I grew up on stories.
      Stories told in quiet spaces where I was left to listen and wonder.
      Stories that were presented from one side.
      Stories that gave insight into deep-seated beliefs.

One of the earliest stories I was told was around the old wood stove at my grandparents’ friends’ cottage. My grandparents and their friends were sitting and talking about the recent break-ins that had occurred along their row of cabins. They quickly blamed the Indigenous people from the local reserve. They shared stories of their experiences of the Indigenous people from nearby and how they always locked their car doors when driving through the reserve, “just in case.” In the corner, my cousin and I sat listening to the adults. My cousin then told me he knew who had broken into the cabins. It wasn’t the people living on the reserve but rather a group of young guys from the nearby village where he lived. They had bragged about what they did at the local hockey arena.

I grew up on stories.
      Stories that presented images of who we are.
      Stories that formed how I was to think and feel.
      Stories that were made up to appease the hearts and minds of those in power.

One night, I was lying in bed listening to my dad’s radio. He listened to talk radio a lot. That night it was a call-in show, and the topic was situational. The radio announcer asked the callers, “You see that a store has been robbed. A White man and a Black man are both running away from the store in opposite directions.
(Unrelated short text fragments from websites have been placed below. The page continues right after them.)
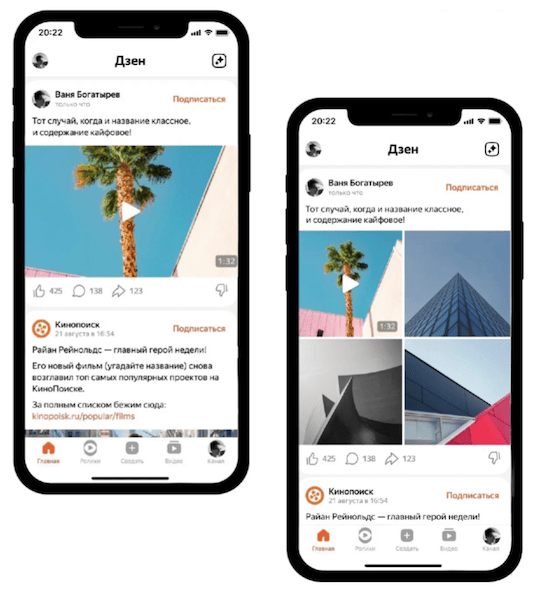 
            В Дзене появился рубрикатор и возможность добавлять видео в посты
        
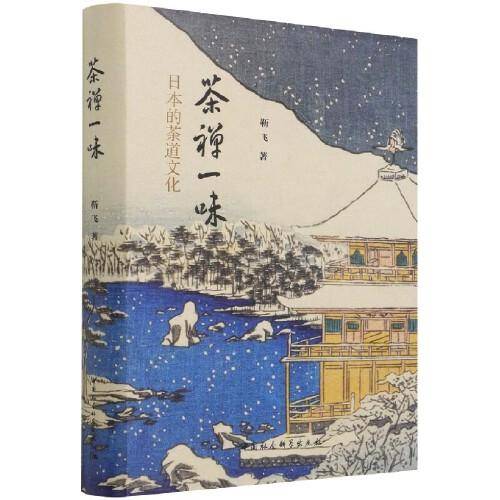 茶禅一味-（日本的茶道文化）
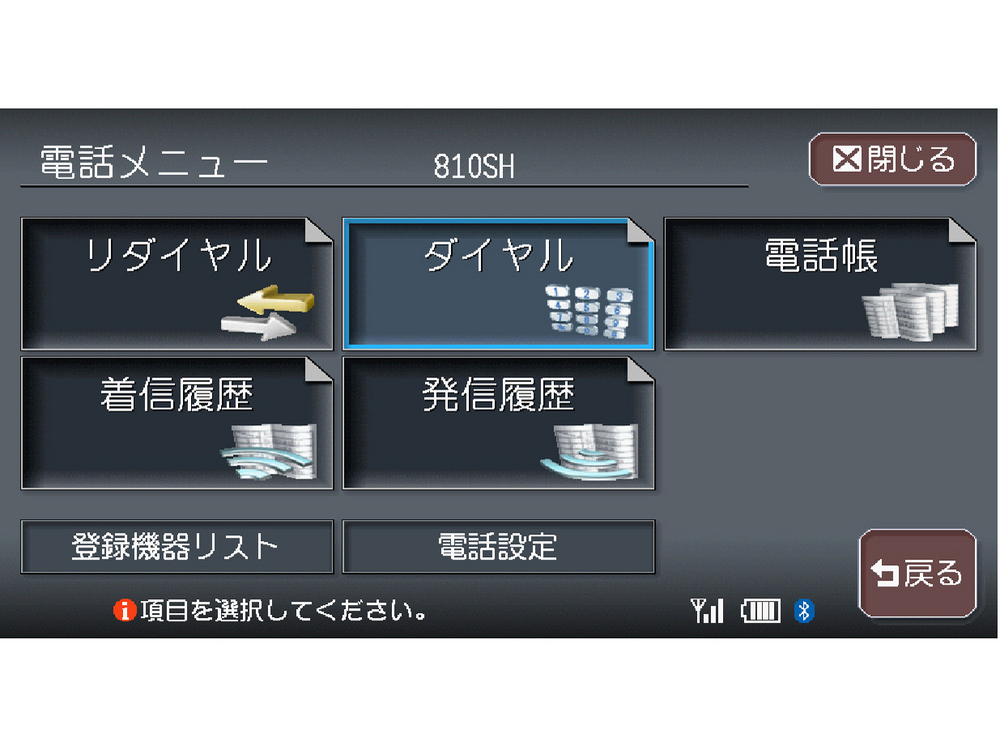 �N���X���B�A NX810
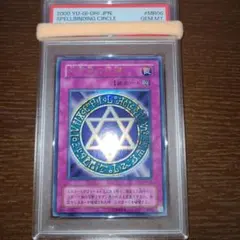 2026年最新】六芒星の呪縛 psaの人気アイテム - メルカリ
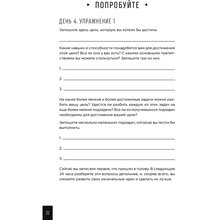 Книга Гарет Мур Тренажер мозку. Як розвинути гнучкість мислення за 40 днів (978-617-7858-51-4)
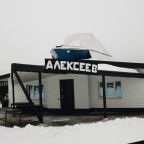 Коттедж (Катер), Загородный клуб Авиатор
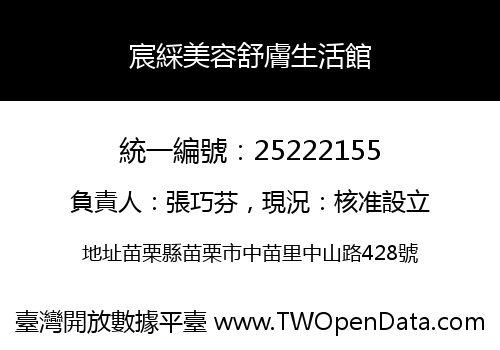 宸綵美容舒膚生活館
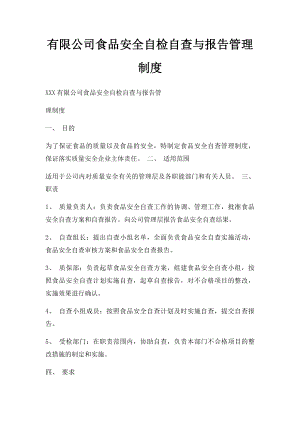 有限公司食品安全自检自查与报告管理制度.docx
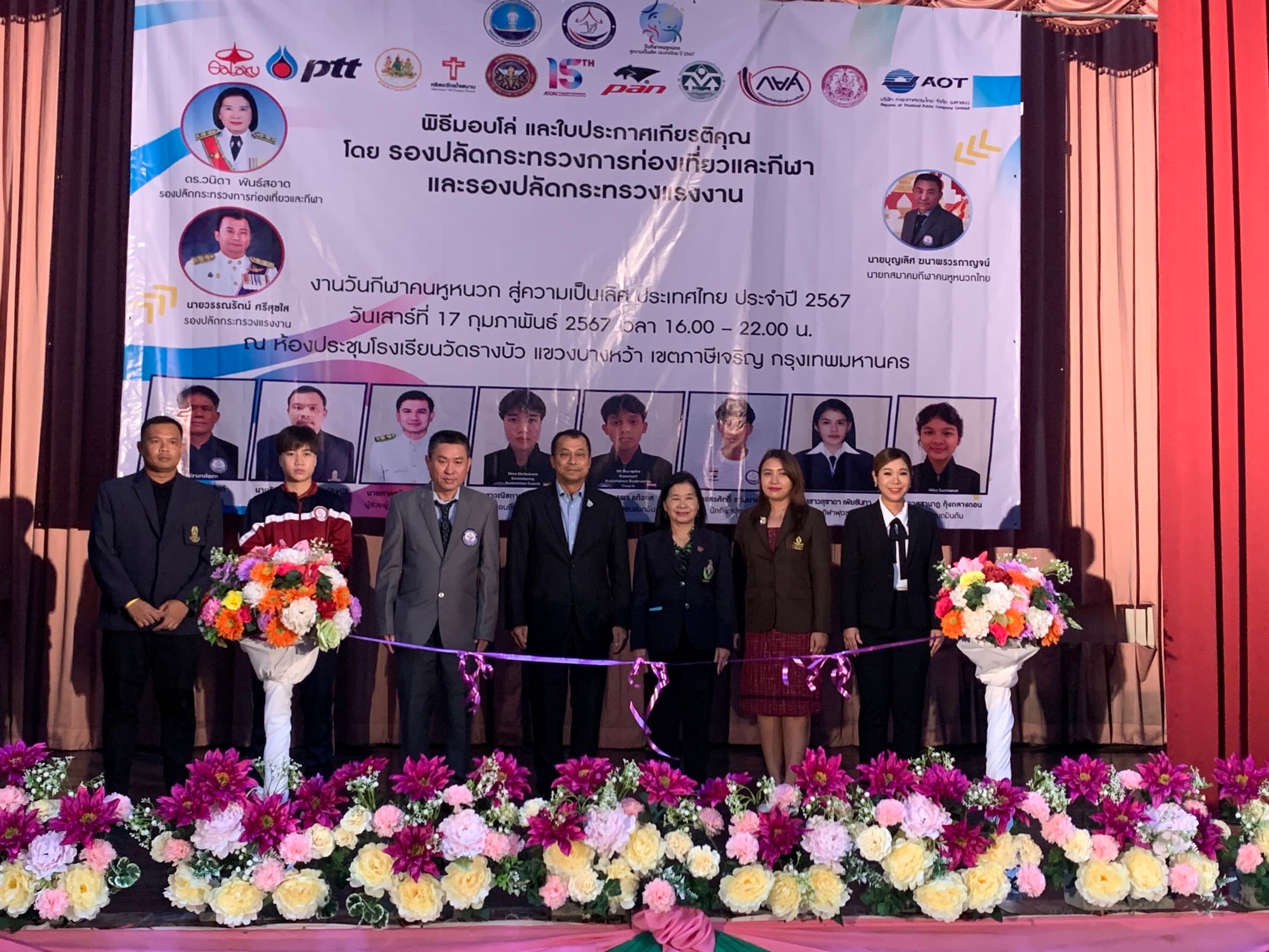 รูปภาพแกลเลอรี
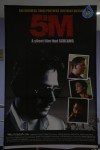 5M Movie Press Meet - 18 of 30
Who do you chase?” I laid in bed listening to different people’s responses. I was puzzled. My young mind wondered, “Why don’t you just chase the person who robbed the store?” I didn’t realize at the time what the question was asking the callers to expose. As caller after caller shared their unconscious bias, I remember one said, “I’d chase the Black man.” “Why?” asked the announcer. “I don’t know. I just know I would chase him.” Today, as I tell this story, my young naïve mind is left wondering, who would I have chased? My adult mind now wonders, who would I chase today? Or why would I even chase a person?

I grew up on stories.
      Stories that caused me to wonder.
      Stories that confused me.
      Stories that forced me to listen more closely.

Faith Reflection


God, our Storyteller,
your wisdom is imprinted on our hearts.
Your guidance allows us to grow through learning.
You put before us a great quest to open our minds to the world.
Through you and with you,
we are called
to be a presence of willing growth,
to be a presence of hopeful engagement,
to be a presence of discerning our faithful witness.

Living It Out

  1. Consider the books you read as a child or young adult. How did these books present Indigenous or racialized experiences? If you were to revisit these books today, how would you approach them?
  2. Consider how the media presents stories of Indigenous or racialized experiences. How do you discern what is presented with biases?
  3. All three of the experiences I shared in this reflection occurred when I was a child. How do you talk with young people in your life about race? What biases might you present, consciously or unconsciously?

Jeffrey Dale (they/them, he/him) is the Minister at Port Elgin United Church. Jeffrey is a minister, community educator, harm reduction advocate, and theatre practitioner. Previously, Jeffrey was the Minister for Justice and Faith Formation for Shining Waters and Canadian Shield Regional Councils.